▶ [WHAT THE TASK REQUIRES]: Line by line, return the listing exactly, without any of the images.

▶ [DATA EXTRACT]:
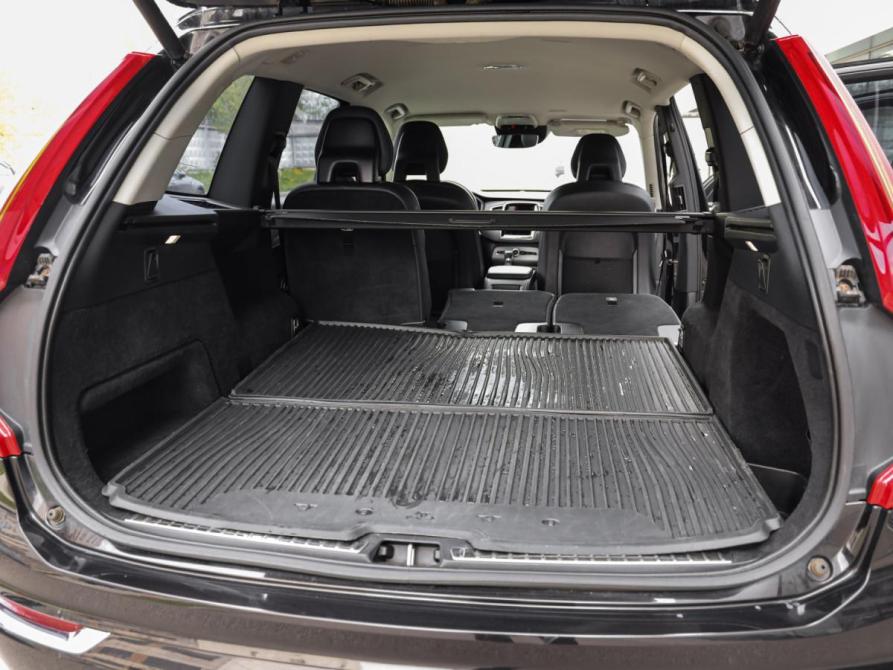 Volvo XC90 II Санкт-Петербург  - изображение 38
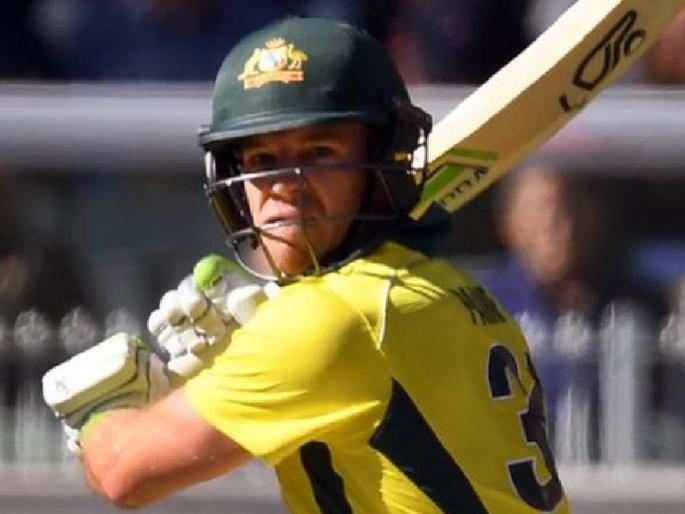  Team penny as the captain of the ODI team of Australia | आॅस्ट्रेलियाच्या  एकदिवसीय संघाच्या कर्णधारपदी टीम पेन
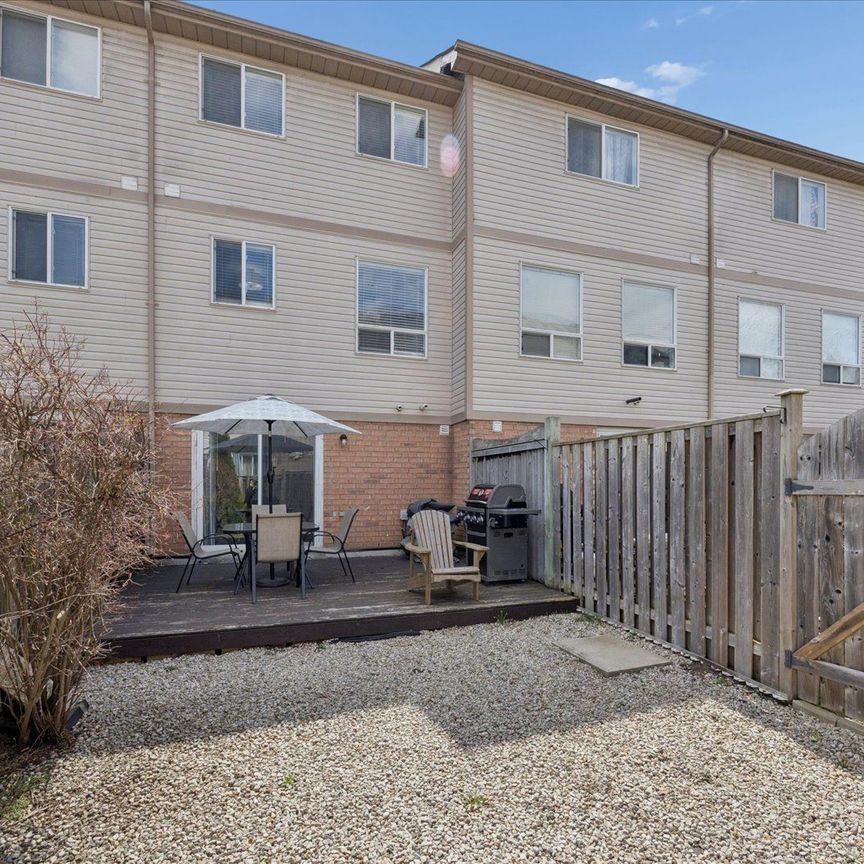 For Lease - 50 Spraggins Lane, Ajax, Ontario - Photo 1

▶ [WORKED SOLUTION]:
 Volvo XC90 II Санкт-Петербург  - изображение 38
  Team penny as the captain of the ODI team of Australia | आॅस्ट्रेलियाच्या  एकदिवसीय संघाच्या कर्णधारपदी टीम पेन
 For Lease - 50 Spraggins Lane, Ajax, Ontario - Photo 1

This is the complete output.